Vertical sleeve gastrectomy associates with airway hyperresponsiveness in a murine model of allergic airway disease and obesity.

Abstract

Introduction

Asthma is a chronic airway inflammatory disease marked by airway inflammation, remodeling and hyperresponsiveness to allergens. Allergic asthma is normally well controlled through the use of beta-2-adrenergic agonists and inhaled corticosteroids; however, a subset of patients with comorbid obesity experience resistance to currently available therapeutics. Patients with asthma and comorbid obesity are also at a greater risk for severe disease, contributing to increased risk of hospitalization. Bariatric surgery improves asthma control and airway hyperresponsiveness in patients with asthma and comorbid obesity, however, the underlying mechanisms for these improvements remain to be elucidated. We hypothesized that vertical sleeve gastrectomy (VSG), a model of metabolic surgery in mice, would improve glucose tolerance and airway inflammation, resistance, and fibrosis induced by chronic allergen challenge and obesity.

Methods

Male C57BL/6J mice were fed a high fat diet (HFD) for 13 weeks with intermittent house dust mite (HDM) allergen administration to induce allergic asthma, or saline as control. At week 11, a subset of mice underwent VSG or Sham surgery with one week recovery. A separate group of mice did not undergo surgery. Mice were then challenged with HDM or saline along with concurrent HFD feeding for 1-1.5 weeks before measurement of lung mechanics and harvesting of tissues, both of which occurred 24 hours after the final HDM challenge. Systemic and pulmonary cytokine profiles, lung histology and gene expression were analyzed.

Results

High fat diet contributed to increased body weight, serum leptin levels and development of glucose intolerance for both HDM and saline treatment groups. When compared to saline-treated mice, HDM-challenged mice exhibited greater weight gain. VSG improved glucose tolerance in both saline and HDM-challenged mice. HDM-challenged VSG mice exhibited an increase in airway hyperresponsiveness to methacholine when compared to the non-surgery group.

Discussion

The data presented here indicate increased airway hyperresponsiveness in allergic mice undergoing bariatric surgery.

Department

Description

Provenance

Citation

Published Version (Please cite this version)

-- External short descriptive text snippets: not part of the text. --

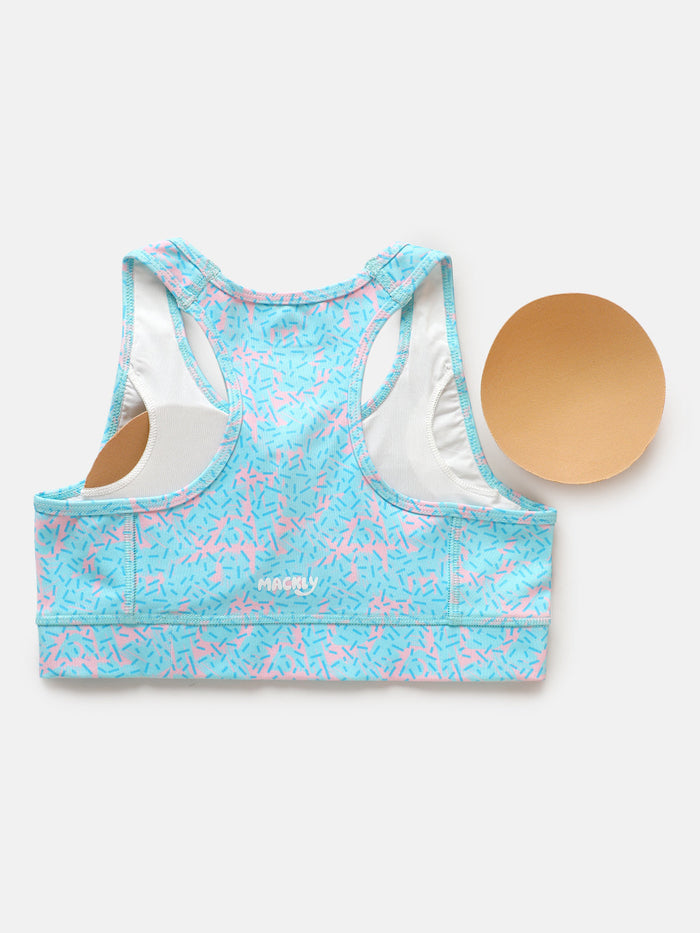 GIRLS SPORTS BRA - DONUT SPRINKLE (PADDED)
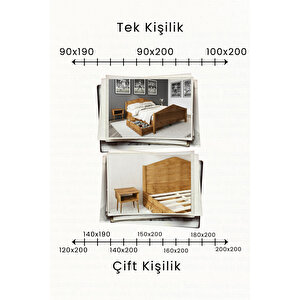 Milano Masif Çam 2 Çekmeceli Karyola Ve 2 Adet Komodin Seti 140x190 cm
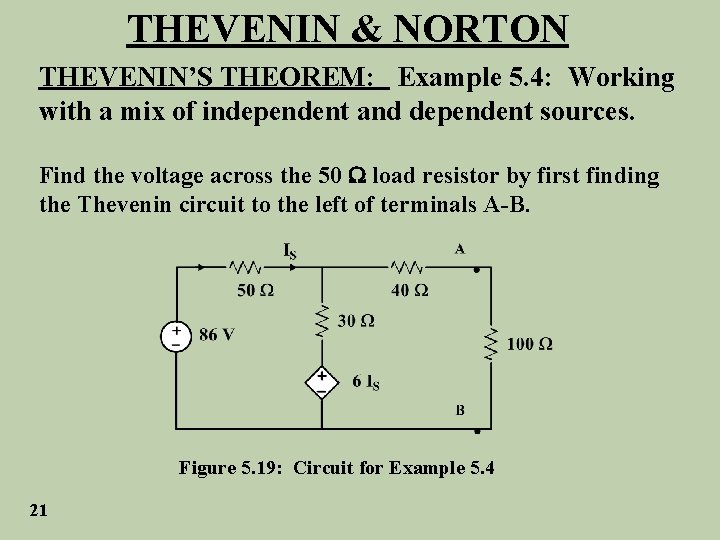 THEVENIN & NORTON THEVENIN’S THEOREM: Example 5. 4: Working with a mix of independent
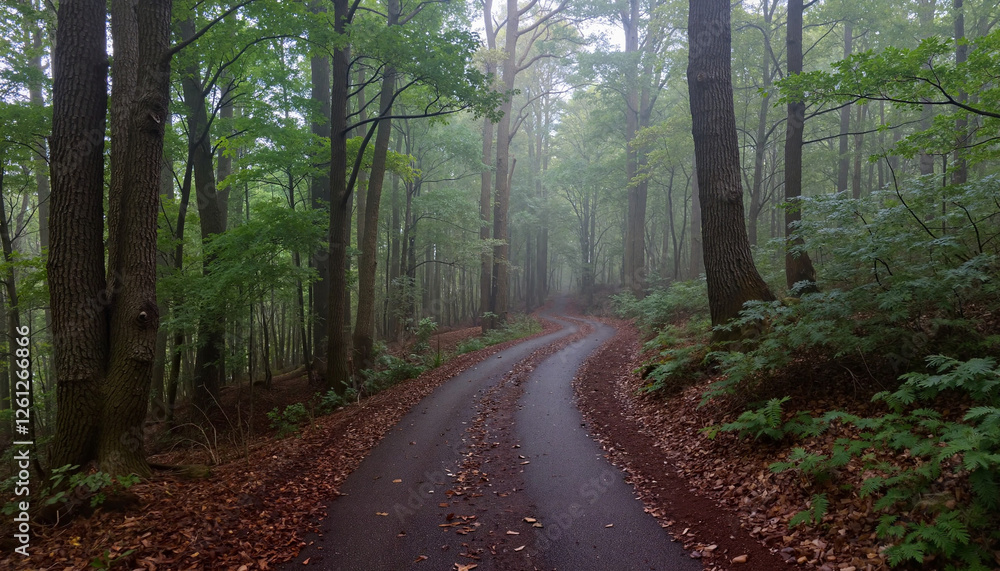 Obraz premium Winding road through misty forest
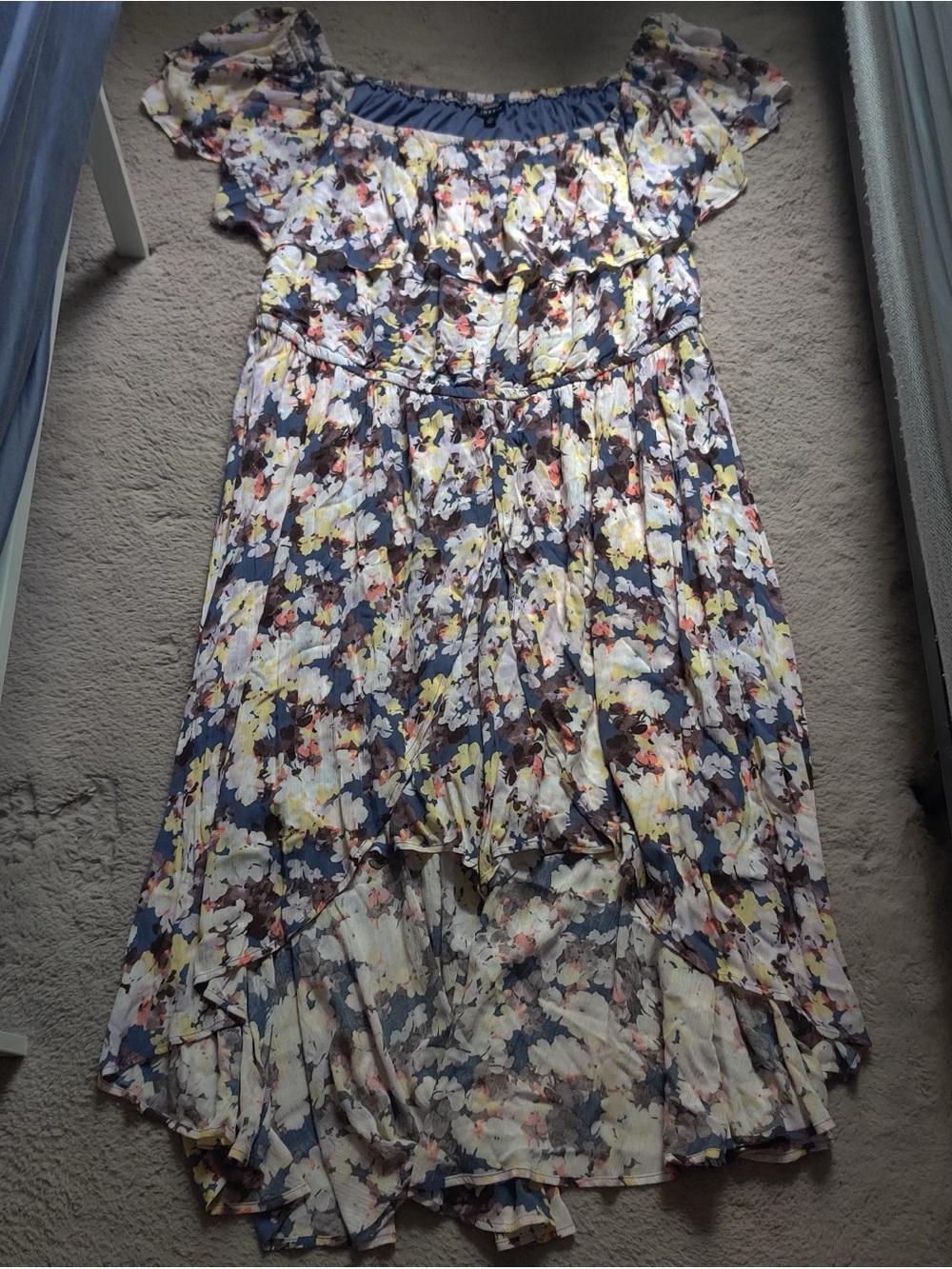 Torrid Floral Off-Shoulder High-Low Romper Dress in Floral Multi-Color - Picture 3 of 7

10.3389/fendo.2023.1092277

Publication Info

Womble, Jack T, Mark D Ihrie, Victoria L McQuade, Akhil Hegde, Matthew S McCravy, Sanat Phatak, Robert M Tighe, Loretta G Que, et al. (2023). Vertical sleeve gastrectomy associates with airway hyperresponsiveness in a murine model of allergic airway disease and obesity. Frontiers in endocrinology, 14. p. 1092277. 10.3389/fendo.2023.1092277 Retrieved from https://hdl.handle.net/10161/28577.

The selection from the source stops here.